To him, politics is an extension of his boxing career, another opportunity to enact change — “to be an inspiration,” he says.

“Even in my life, I even experienced [where] we don’t have food to eat one day; we just drink water to survive. We didn’t lose hope,” he says. “That’s what I’m trying to let them know. I want to inspire them for that. Just believe and have faith and keep going.”

Less than two weeks before his bout against Mayweather, Pacquiao took a break from training to meet with Miriam Coronel-Ferrer, the chair of the Philippines’ peace panel who’s leading negotiations between the government and a rebel separatist group called the Moro Islamic Liberation Front. The fighter publicly endorsed a bill that aims to ease tensions back home before returning to the gym the next day.

Roach knows where Pacquiao’s career is headed, and it has nothing to do with championship belts or Hall of Fame inductions.
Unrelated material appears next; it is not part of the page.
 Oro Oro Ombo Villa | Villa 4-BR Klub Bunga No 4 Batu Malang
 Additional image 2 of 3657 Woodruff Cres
Roach is among many who feel Pacquiao will someday be president of the Philippines.

“Only because he wants to help the people,” Roach says.

Pacquiao is near the end of his second term as a congressman. In 2016, he’s expected to run for a seat in the Philippine Senate, a more prestigious nationwide post. After completing a six-year term, in 2022 Pacquiao will have passed the nation’s age requirement — 40 — to run for president.
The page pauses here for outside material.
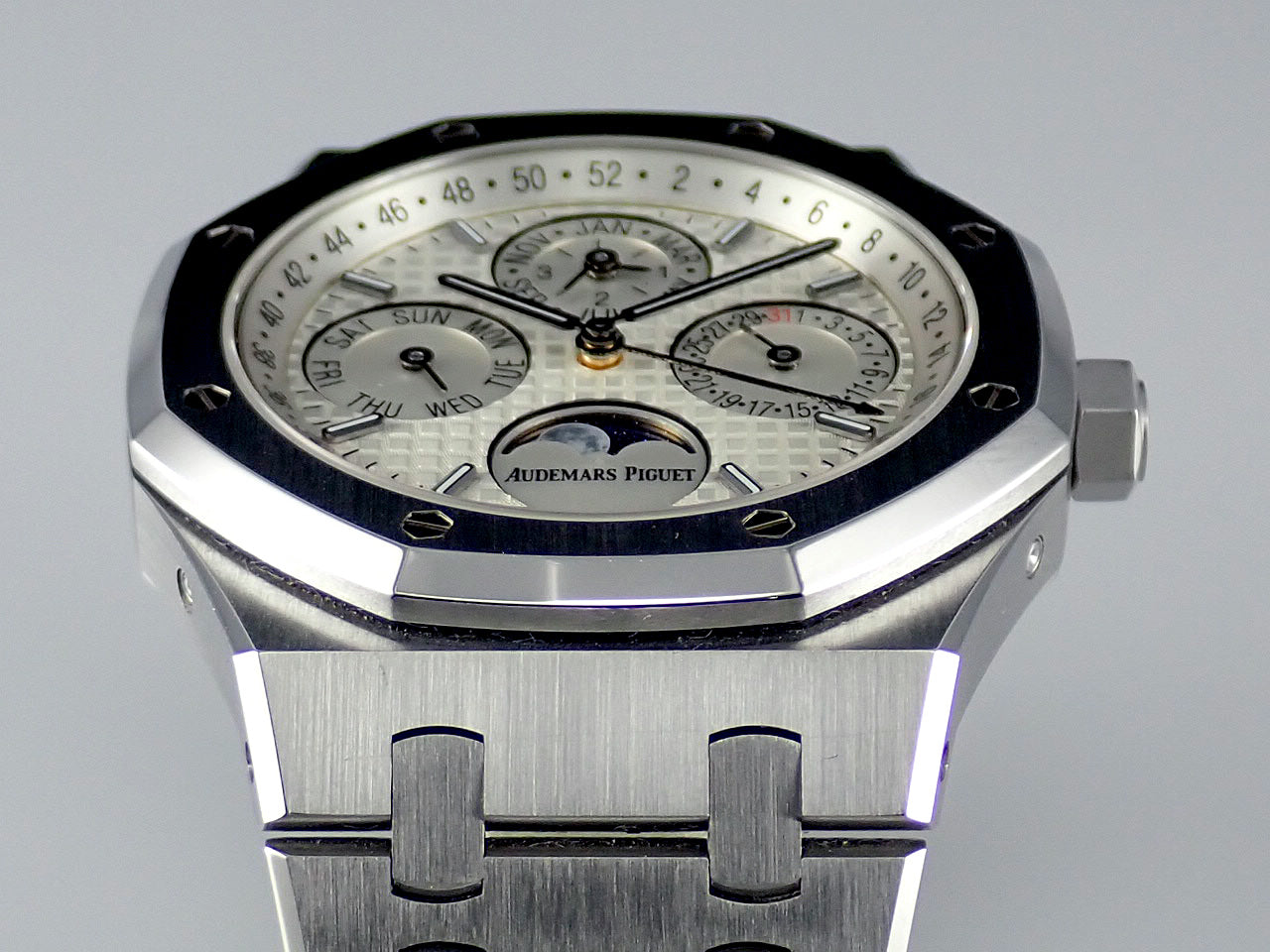 Audemars Piguet Royal Oak Perpetual Calendar &lt;Warranty, Box, etc.&gt;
But Roach also wonders if Pacquiao is less enthused with politics than a few years ago, having spent too much time in meeting rooms and not enough in communities. “I think Manny may be a little bit bored, to be honest with you,” he says. “I don’t think it really sparks him, and he’s not excited about it like he used to be.”
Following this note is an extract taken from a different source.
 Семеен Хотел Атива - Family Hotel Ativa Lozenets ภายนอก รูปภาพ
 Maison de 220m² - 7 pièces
Pacquiao talks about his future in vague terms, far removed from boxing rings or political arenas.

“After I stop my boxing career, the most important thing is I want to let them know that there is a God that can raise someone from nothing into something,” he says. “That’s my purpose now.”

A lot on the line

Back in the gym, Roach explained to Pacquiao that the trainer’s mother has started asking about tickets. Entrance into the MGM Grand next Saturday will be among the most expensive, hard-to-find seats in sports.

“Well, when she wants eight, I gotta find them somewhere,” Roach says.

“How much are tickets?” Pacquiao asks. “Cheapest ones?”

“$1,500.”

“The cheapest one?!” Pacquiao asks, apparently not aware that on the secondary market, that seat in the nosebleeds is expected to fetch two or three times more. A single ringside seat could end up costing $100,000.

Nearly every one of boxing’s financial records is expected to fall next weekend. The two fighters could ultimately split $300 million. As many as 3 million homes are expected to fork over nearly $100 apiece to watch on television . There is a lot on the line.

While Roach says Pacquiao has entered the ring in recent years lacking a “killer instinct,” the veteran trainer noticed something in the weeks leading up to the Mayweather bout. “For some reason, I think this fight might be a little different,” he says.

Pacquiao is usually careful to not openly bad-mouth his outspoken opponent. But Roach notices the little things: his eagerness to train, his energy in sparring, his optimism and thirst to hear that opening bell.

“I don’t think he likes this guy,” Roach says. “This is the first guy in our career that I think he doesn’t like.”

After fighter and trainer danced around the ring, the celebrities left and the day’s training session finally wrapped, Pacquiao found himself doubled over in laughter. His 9-year-old yapping Jack Russell terrier, Pacman, darted around the gym, cornering friends and visitors, often at the fighter’s instruction.

“He only listens to me,” Pacquiao explains.

The others in the gym are mostly friends and family. Some were with Pacquiao before boxing, since childhood. Who’s closest? “The closest are those who follow Jesus,” he says.

It wasn’t always this way. Pacquiao says he’s in a better place than just a few years ago, the antithesis in many ways to the cocky foe he’ll face Saturday. Time may not be on his side, but he says everything that really matters is in his corner.

“The Lord my God gave me peace of mind,” he says, “and gave me confidence to handle my responsibility.”